The surveillance design called for sampling live, poor-doing pigs because notifiable pathogens may not produce remarkable clinical signs and early mortalities, including CSFV [36], ASFV [37], and FMDV [38]. Kirkland et al. [36] cautioned that CSFV strains of low or moderate virulence could circulate without notable clinical signs for 4–8 weeks. Schulz et al. [39] concluded that, depending on the virulence of the isolate, it could take up to a month for ASFV-related mortalities to be noted. Thus, sampling poor-doing live pigs would facilitate early detection by eliminating the expectation of telltale clinical signs and/or conspicuous mortalities.
Sampling live pigs also anticipates the need to quickly resolve ambiguous (“non-negative”) test results. The typical response to a non-negative surveillance sample result is retesting the original sample using the original test or a confirmatory assay. If the retest result is conclusive, the question is resolved. If not, the fact that the samples originated from live pigs means that it is likely possible to re-sample and retest the original pigs and/or their penmates to quickly resolve the issue. On the other hand, if the samples originated from dead pigs or pigs no longer on the farm, the resolution will require extensive sampling of animals on the farm of origin and on other epidemiologically relevant farms.
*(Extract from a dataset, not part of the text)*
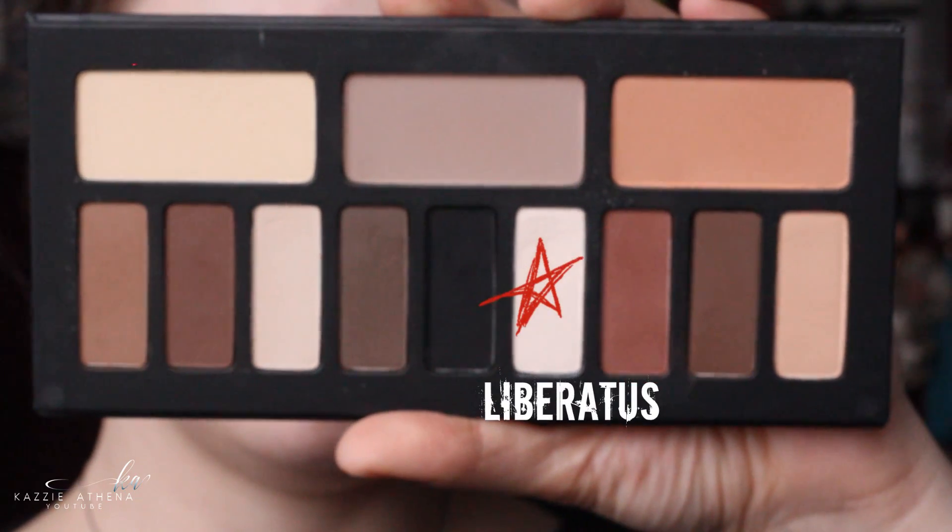Starting off this Avril Lavigne inspired makeup look, I'm taking Boing from Benefit and using this to prime my eyelids, just to cancel out any discoloration there. For eyeshadow, I'm taking my Kat Von D Shade and Light Eye Palette and I'm taking a shadow called Liberatus, using this as my brow bone highlight and also to set that concealer.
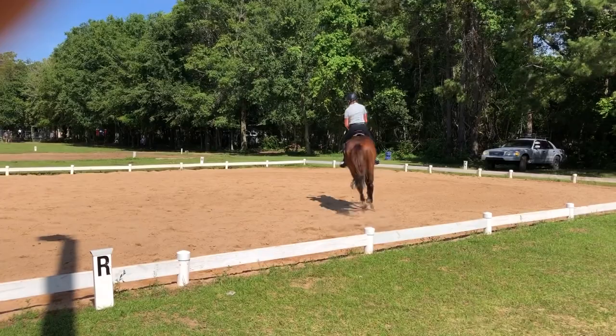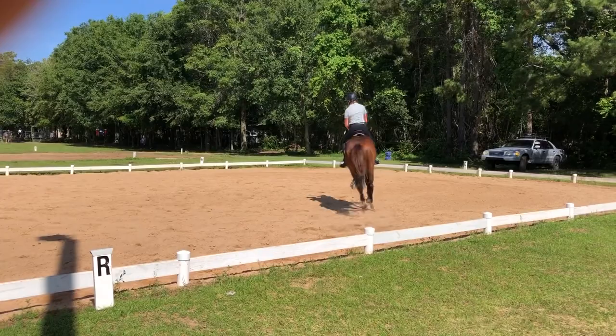Between E and K, working trot. Between K and A, medium walk.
In this “generic” surveillance scenario it was not necessary to designate specific specimens to be collected or tests to be performed. While blood and serum are traditional surveillance specimens, a variety of more easily collected antemortem specimens are increasingly used in diagnostics and surveillance, e.g., blood swabs, nasal swabs, oropharyngeal swabs, and rectal swabs [40]. Trevisan et al. [41] documented this trend for the period 2007 to 2018 in a study of 547,873 diagnostic cases submitted to 4 Midwestern U.S. veterinary diagnostic laboratories for porcine reproductive and respiratory syndrome virus (PRRSV) testing. In 2007, 51% of the diagnostic cases included serum samples; in 2018, 21% of cases included serum samples, 35% included oral fluid samples, and 11% included processing fluid samples.
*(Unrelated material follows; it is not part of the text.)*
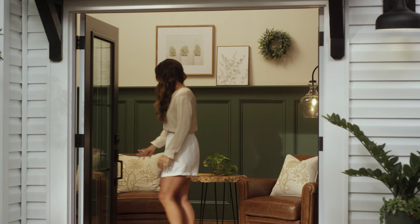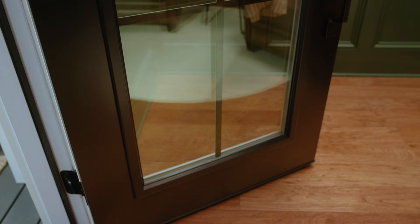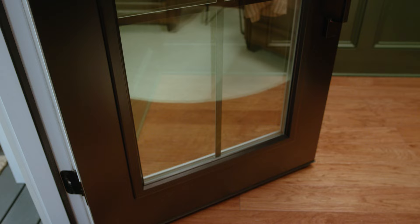Available as a patio door or single entry door, each steel door design features a flat light frame glass for an upscale look that enhances curb appeal. Choose a full light, six light, four light, or three light design to amplify natural light flowing into your home.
Sample collection by farm personnel working under the supervision of the farm veterinarian is common practice in many parts of the world. The use of easily collected antemortem samples will facilitate producer participation and is consistent with sampling by lay personnel. Regardless of the specimen(s) selected for use, the ability of lay participants to collect diagnostic samples is supported by the literature. In human medicine, Branson [42] reported that 156,121 (94.5%) of 165,194 self-collected dried blood spot specimens were acceptable for human immunodeficiency virus testing. The remaining 5.5% were disqualified for insufficient quantity, contamination, or excessive time between sampling and submission. Similarly, Tsang et al. [43] found no loss in diagnostic accuracy with self-collected oronasal swabs or oral fluid samples in a systematic review of 23 refereed studies involving severe acute respiratory syndrome coronavirus 2 (SARS-CoV-2) testing. In the veterinary literature, formal examples of the use of producer-collected samples include field studies on CSFV [44], PRRSV [45], and antibiotic resistance in Escherichia coli [46].
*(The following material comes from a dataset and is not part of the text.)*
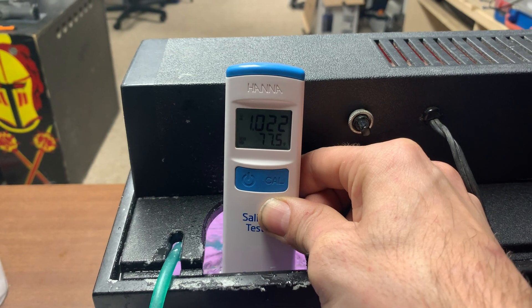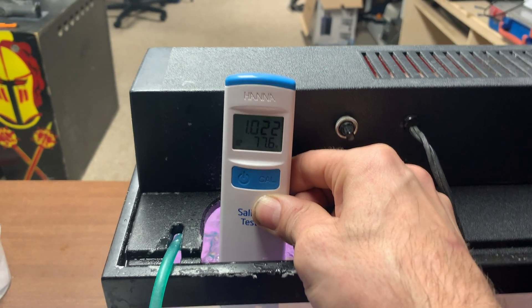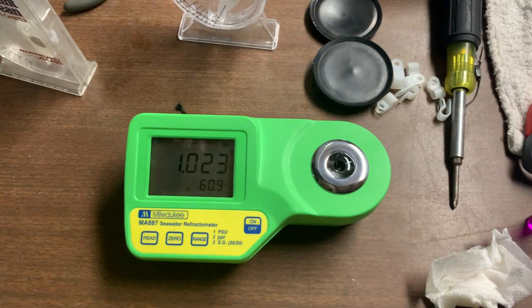So here we go. We got 1.022, which is what I know it's going to stay at. It's all calibrated. Now this one here — that's the same water — and it pulled up a 1.023.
The use of farm personnel in sample collection acknowledges the fact that those who work with the pigs are also those most aware of recent changes in pig health and are best qualified to identify the appropriate animals to sample. Relevant to program sustainability, the use of farm personnel reduces sampling costs by eliminating the need to employ program samplers and integrates both scalability and responsiveness into the design. That is, because farm personnel are already on the farms, sample size and/or frequency can be quickly adjusted in response to changing circumstances, e.g., increased after the initial detection of the target to improve case finding and decreased after the threat is contained to reduce costs.
The final point in the surveillance design is the testing of samples in credentialed diagnostic laboratories. “Credentialed”, in this case, refers to laboratories operating under national or international standards, e.g., ISO/IEC 17025 [47,48]. Such laboratories have operational quality management systems, proper equipment, and the technical expertise to reliably perform testing. Further, many of these laboratories are equipped with laboratory information management systems and the capacity to report test results electronically, thereby facilitating timely reporting to participants and, if needed, animal health authorities. Alternatively, testing in the field using point-of-care test devices is sometimes suggested as a means to expedite the discovery of notifiable pathogens. This may be possible in the future, but not at present. Hobbs et al. [49] reported the most fundamental problem: “Inadequate regulatory guidance and poor industry oversight has led to a proliferation of point-of-care tests of varying quality and fitness for purpose …”. A number of issues would need to be addressed if point-of-care tests are to be used for notifiable pathogens, but at a minimum, an accounting system for tracking kits and test results will need to be in place to avoid misuse.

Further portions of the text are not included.